In 2022, the energy intensity of the cement sector reached 100 kWh per tonne, with fossil fuels as the primary source of thermal energy. Globally, iron and steel manufacturing consumes 8% of total energy demand, contributing to 2.6 billion tonnes (gigatonnes) of CO2 emissions annually. For context, a round-trip flight from London to Denver, Colorado, emits about 3 tonnes of CO2.
Addressing the emissions from these industries and finding ways to capture and productively use the vast amounts of industrial waste heat are critical steps in the fight against climate change.
Advanced Thermovoltaic Systems (ATS) has developed a simple, safe, and scalable technology to capture waste heat and convert it into electricity, offering a game-changing solution for heavy industries like cement and steel production. These industries require extremely high temperatures, which generate vast amounts of waste heat that is typically lost. While traditional heat capture methods rely on turbines to generate electricity, they also increase risks in already complex industrial environments, which deters many companies from adopting them.
ATS’s approach is different. Their compact, container-sized units can easily be integrated into existing industrial plants. The technology converts waste heat into electricity by passing it over small, smartphone-sized plates with no moving parts. It can also harvest lower temperature levels of heat and generate electricity from any heat source, including geothermal energy. The plates are manufactured using a smartphone-style assembly process, making them easy to scale, transport, and install anywhere in the world.
ATS initially worked on advance material science for solar energy, but after discovering their panels could generate power even without sunlight—simply by capturing ambient heat—they pivoted to thermovoltaics. The breakthrough came when a solar panel left plugged in overnight in the lab continued to produce electricity.

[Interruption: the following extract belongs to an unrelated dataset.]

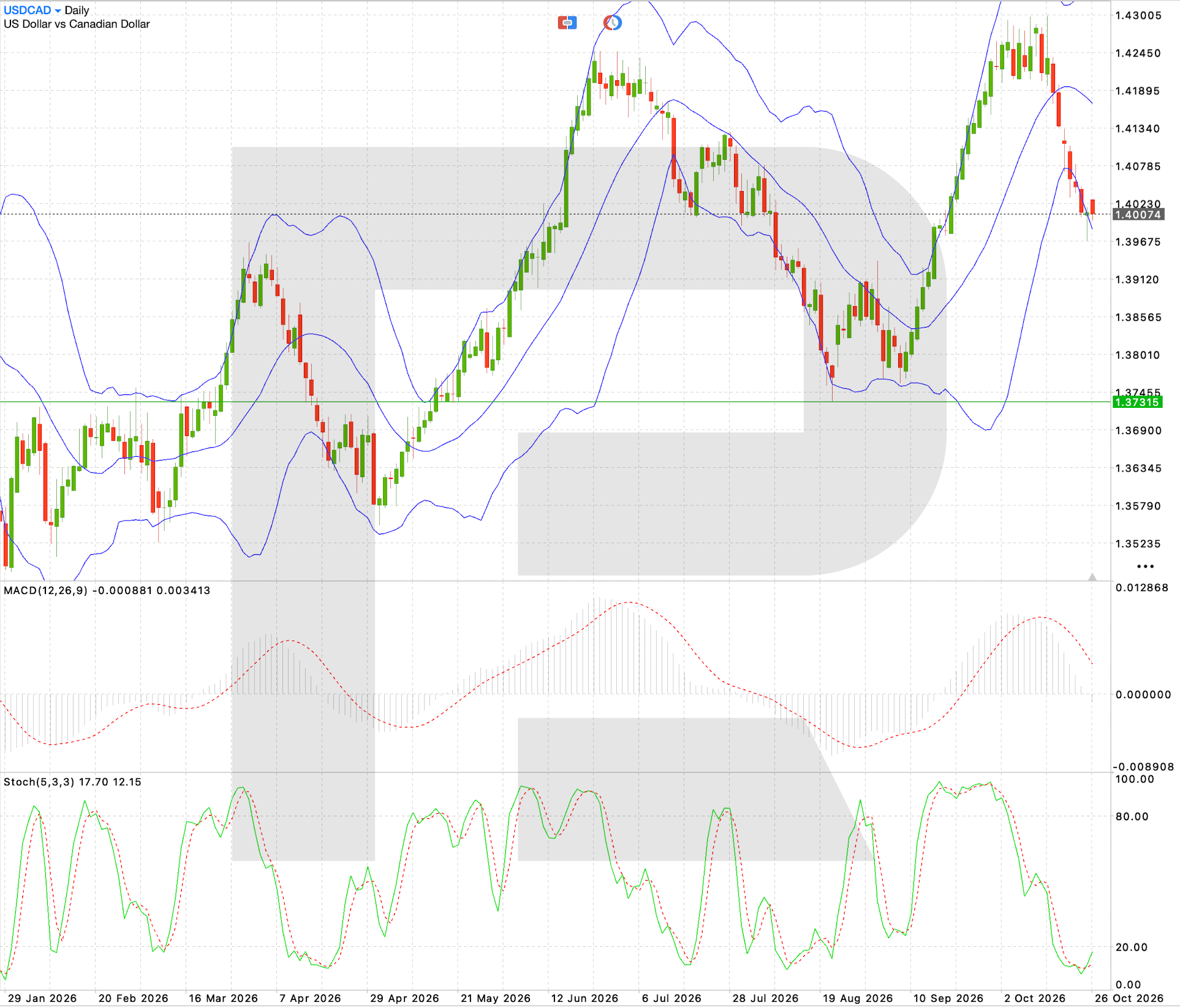 USD/CAD daily chart: technical analysis ahead of the Bank of Canada rate decision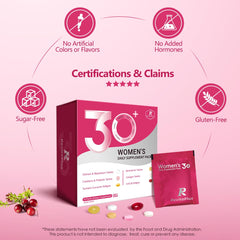 RevitaPlus cranberry blend for daily urinary wellness.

For their first successful pilot, ATS partnered with a leading cement company to tackle emissions in this hard-to-abate sector. Their patented solution is also 98% circular, with components that can be reused, and cartridges that can be replaced as needed.
The market potential for ATS’s technology is enormous, with the ability to transform energy use in heavy industries worldwide. ATS is focused on scaling up their production, which will require larger manufacturing facilities. They also have plans to develop multiple generations of their technology to continually improve efficiency.
As the technology evolves, ATS expects to be operational in over 100 industrial facilities and save 3.5 million tonnes of CO2 by 2030. ATS’s impact will grow to 100 million tonnes by 2040 and one gigatonne by 2050.